On the LSH Distortion of Ulam and Cayley Similarities
This work provides the first tight or near-tight bounds on LSH distortion for these permutation similarity measures, which is important for practitioners using LSH for nearest neighbor search on permutations.
The paper studies the LSH distortion of Ulam and Cayley similarities on permutations, showing that Ulam similarity admits a sublinear distortion of O(n/√log n) with a lower bound of Ω(n^{0.12}), while Cayley similarity has a distortion of Θ(n).
Locality-sensitive hashing (LSH) has found widespread use as a fundamental primitive, particularly to accelerate nearest neighbor search. An LSH scheme for a similarity function $S:\mathcal{X} \times \mathcal{X} \to [0,1]$ is a distribution over hash functions on $\mathcal{X}$ with the property that the probability of collision of any two elements $x,y\in \mathcal{X}$ is exactly equal to $S(x,y)$. However, not all similarity functions admit exact LSH schemes.
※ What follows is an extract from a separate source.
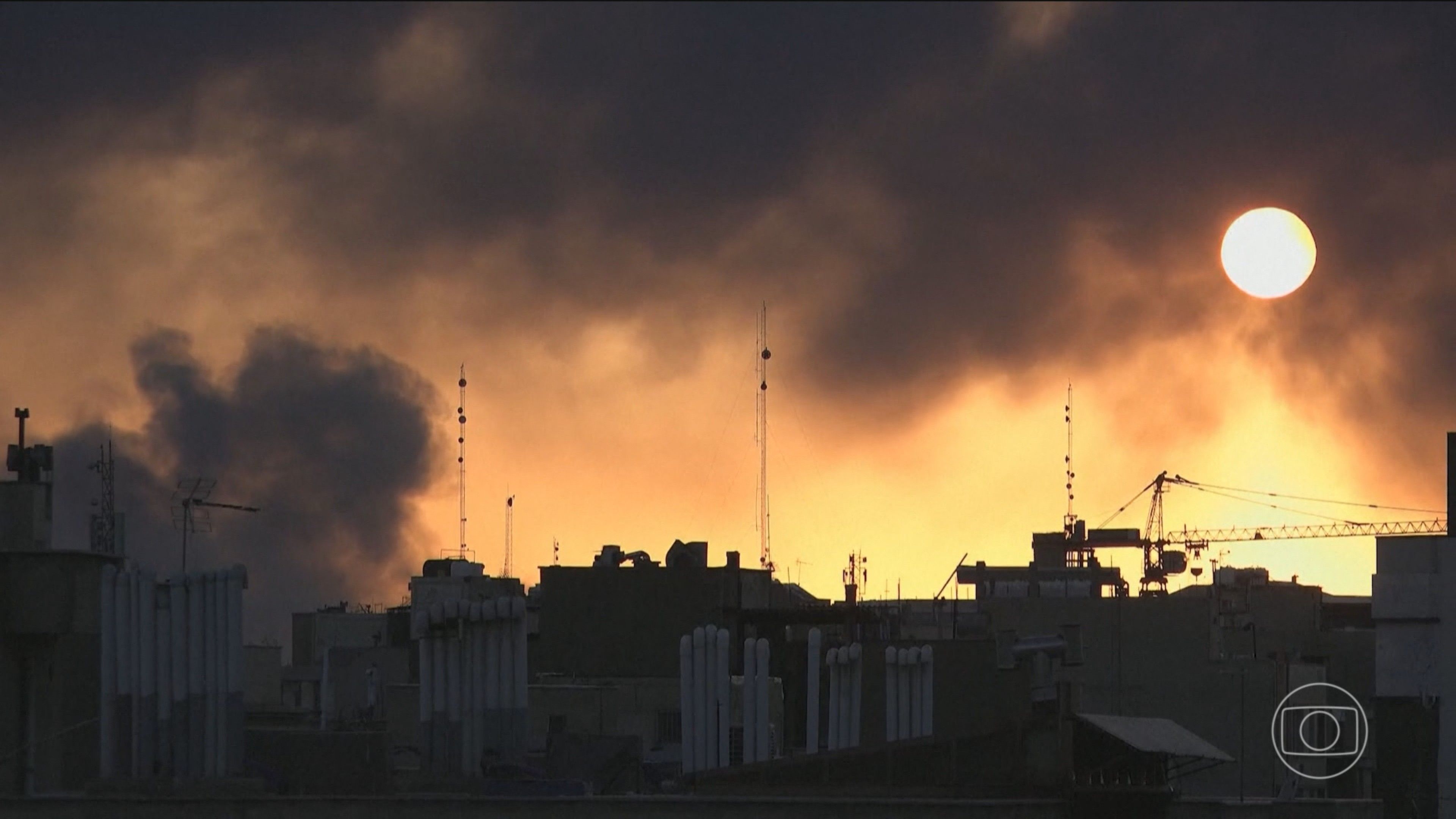 Mercados brasileiros monitoram impactos da guerra no Oriente Médio nos preços dos alimentos.. Reprodução: G1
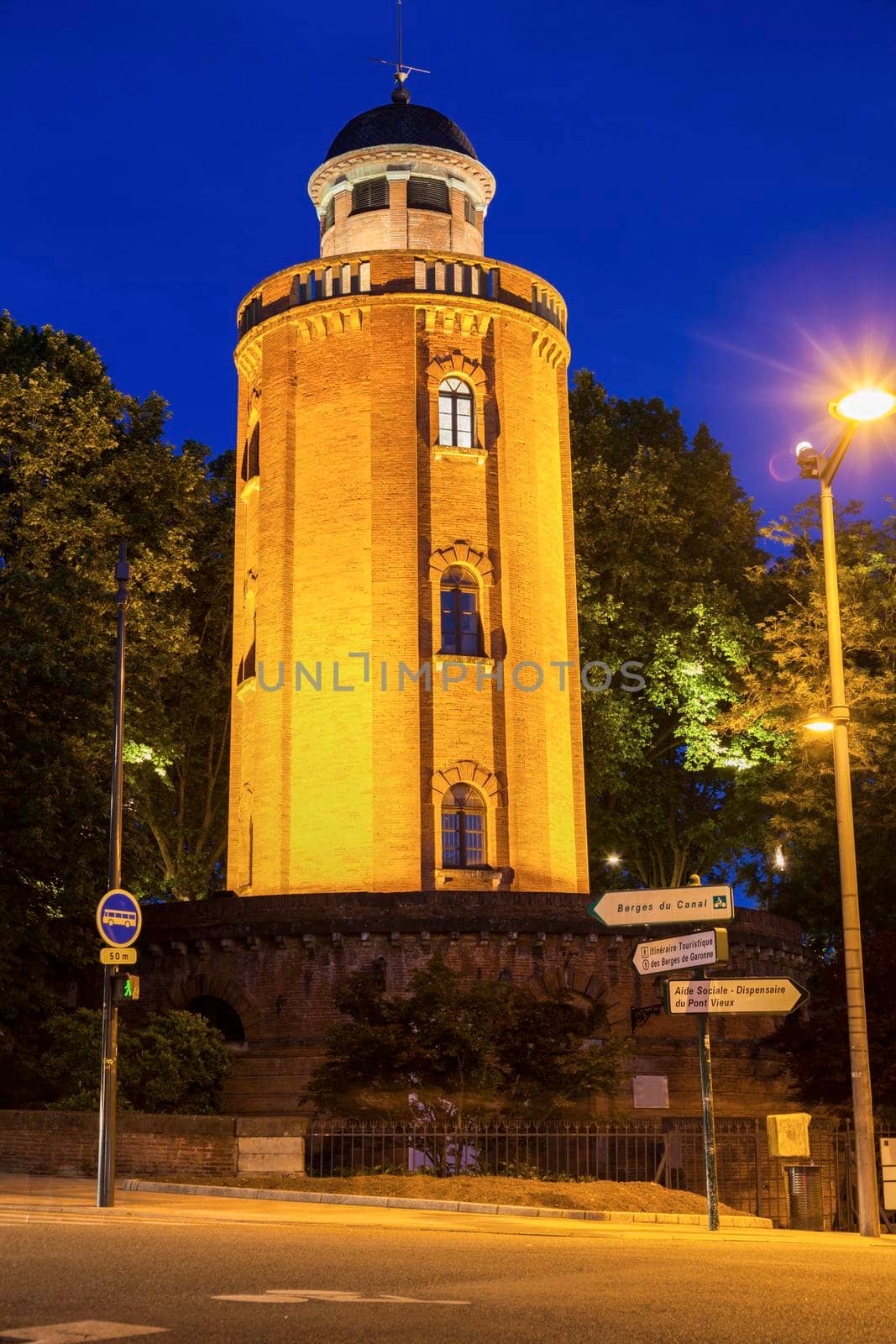 Old water tower in Toulouse by benkrut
The notion of LSH distortion measures how multiplicatively close a similarity function is to having an LSH scheme. In this work, we study the LSH distortion of the Ulam and Cayley similarities, which are popular similarity measures on permutations of $n$ elements. We show that the Ulam similarity admits a sublinear LSH distortion of $O(n / \sqrt{\log n})$; we also prove a lower bound of $Ω(n^{0.12})$ on the best LSH distortion achievable. On the other hand, we show that the LSH distortion of the Cayley similarity is $Θ(n)$.